▶ [TASK]
When you transcribe the entries below, keep the wording exact and omit the pictures.

▶ [PROVIDED ENTRIES]

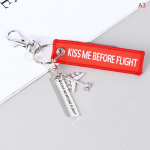 Lennu v&otilde;tmehoidja komplekt, suudlus enne lennukimeeskonna ohutut metalli nikerdamist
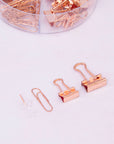 Paper Clips & Pins Bundle Rose Gold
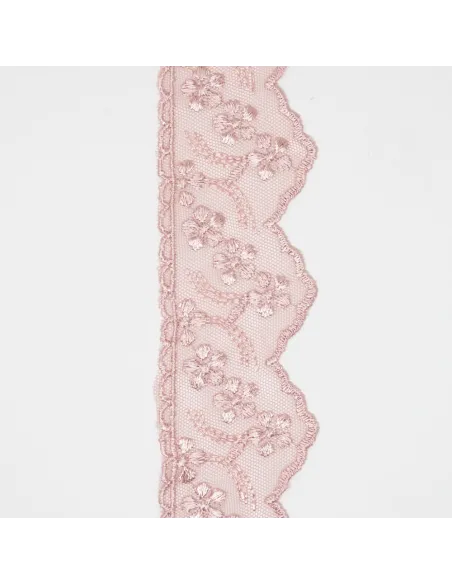 PIZZO TULLE 6 CM BB8314-6.OLD/PINK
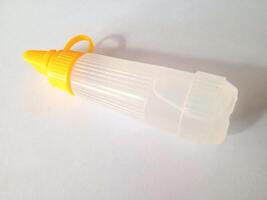 paper glue on a white background photo
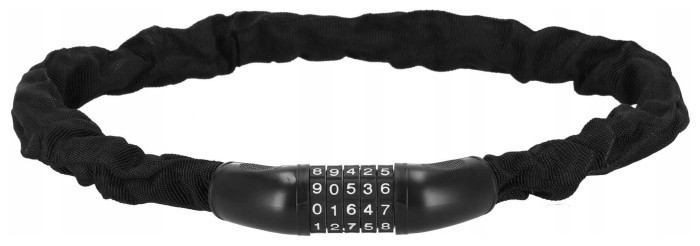 Велосипедний замок Springos ланцюг 90 см на код BA0028 Black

▶ [RESPONSE AREA]
 Lennu v&otilde;tmehoidja komplekt, suudlus enne lennukimeeskonna ohutut metalli nikerdamist
 Paper Clips & Pins Bundle Rose Gold
 PIZZO TULLE 6 CM BB8314-6.OLD/PINK
 paper glue on a white background photo
 Велосипедний замок Springos ланцюг 90 см на код BA0028 Black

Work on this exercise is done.